TRY IT:
The answer must be every entry below, word for word, with the pictures left out.

========================================================================

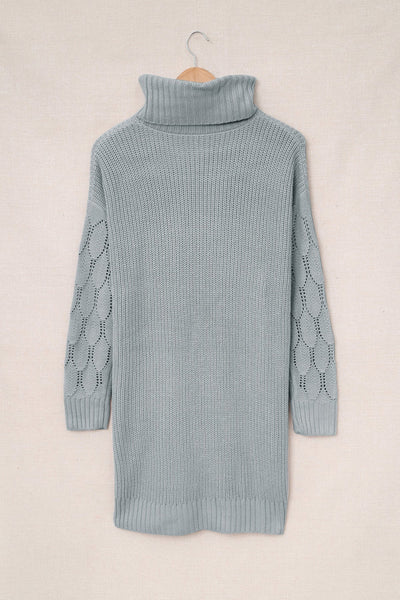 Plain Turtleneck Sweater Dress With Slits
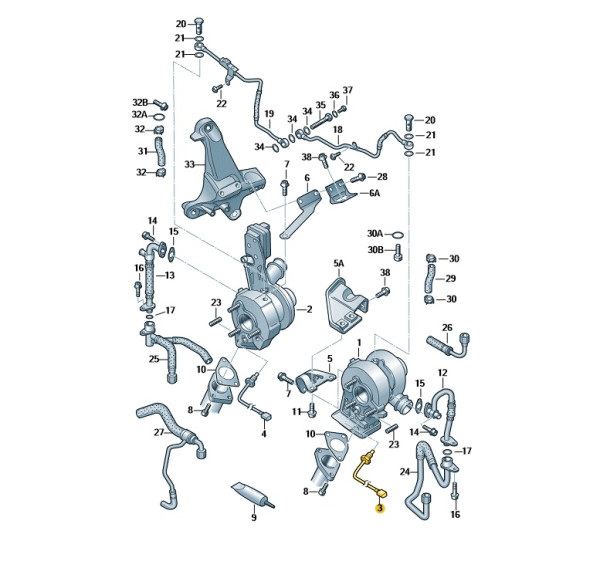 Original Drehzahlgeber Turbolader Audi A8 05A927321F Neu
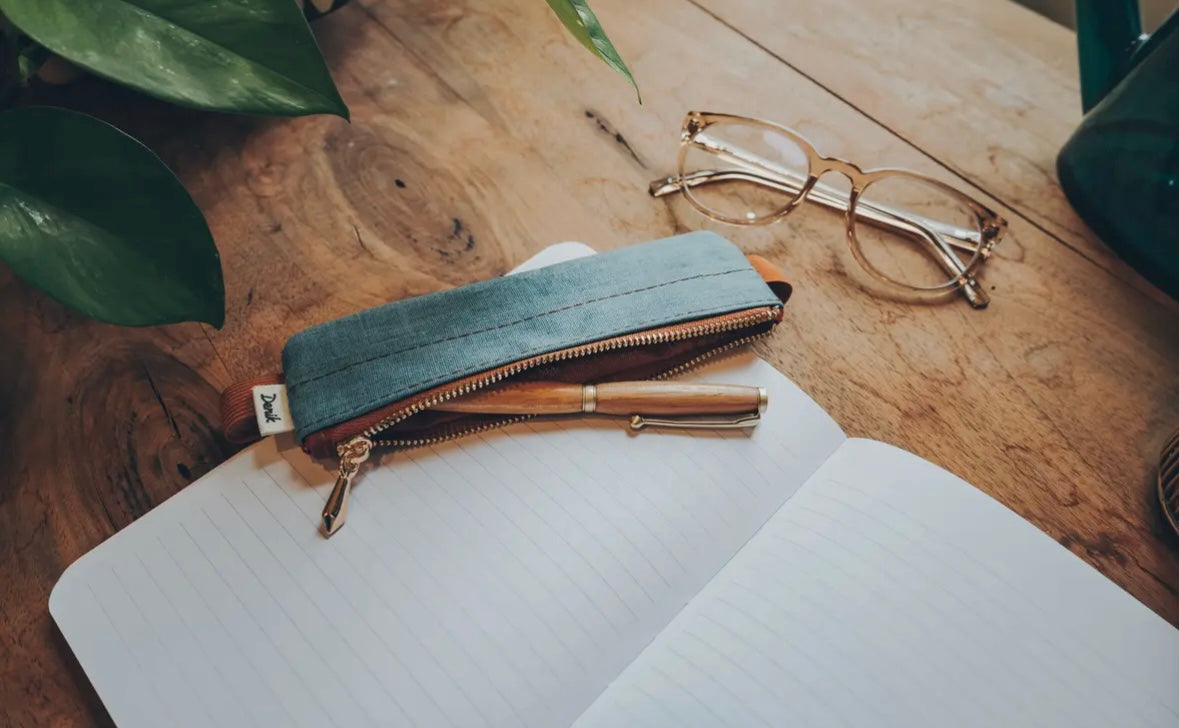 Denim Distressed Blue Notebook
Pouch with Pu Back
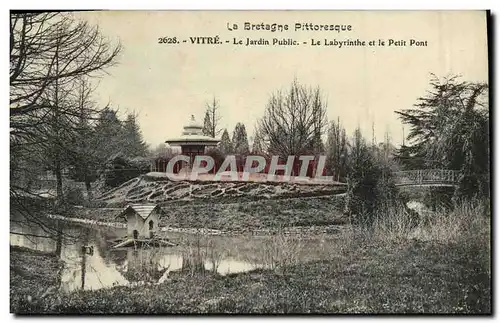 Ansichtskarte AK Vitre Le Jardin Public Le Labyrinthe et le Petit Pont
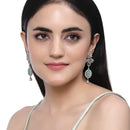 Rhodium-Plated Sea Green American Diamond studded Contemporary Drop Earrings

========================================================================

SOLUTION FOR THIS TASK:
 Plain Turtleneck Sweater Dress With Slits
 Original Drehzahlgeber Turbolader Audi A8 05A927321F Neu
 Denim Distressed Blue Notebook
Pouch with Pu Back
 Ansichtskarte AK Vitre Le Jardin Public Le Labyrinthe et le Petit Pont
 Rhodium-Plated Sea Green American Diamond studded Contemporary Drop Earrings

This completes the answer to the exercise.